After a seventeen-year moratorium on executions, the Republic of Kazakhstan has formally abolished the death penalty.

On January 2, 2021, President Kassym-Jomart Tokayev added his signature to a bill passed by Kazakhstan’s parliament December 29 ratifying the Second Optional Protocol to the International Covenant on Civil and Political Rights, an international treaty that commits signatory nations to abolishing capital punishment. The country suspended all executions in December 2003.

Kazakhstan signed the Second Optional Protocol on September 23, 2020, in conjunction with the 75th session of the United Nations General Assembly. Tokayev said at the time that the action was a step “[t]o fulfill a fundamental right to life and human dignity.” The country reserved the right to impose the death penalty “for especially serious crimes of a military nature in times of war.”

One person was on Kazahkstan’s death row at the time of abolition. Ruslan Kulekbayev, who killed eight police officers and two civilians during a mass shooting in 2016, will be resentenced to life imprisonment, which Kazahkstan authorized as an alternative to the death penalty in 2004.

Kazakhstan is the 88th nation to become a signatory or party to the Second Optional Protocol.
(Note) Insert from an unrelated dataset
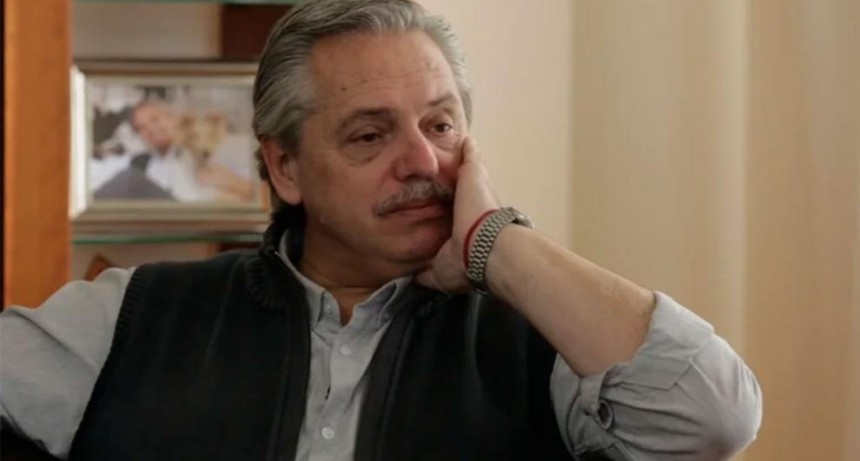 El Presidente se realizó el bloqueo radicular por su lesión lumbar y regresó a Olivos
Amnesty International’s 2019 annual Global Report on Death Sentences and Executions reported that, as of December 31, 2019, more than two-thirds of the world’s countries had abolished the death penalty in law or practice. 142 nations had either abolished the death penalty under the country’s constitution or laws or had not carried out an execution in more than a decade. 56 nations retained capital punishment.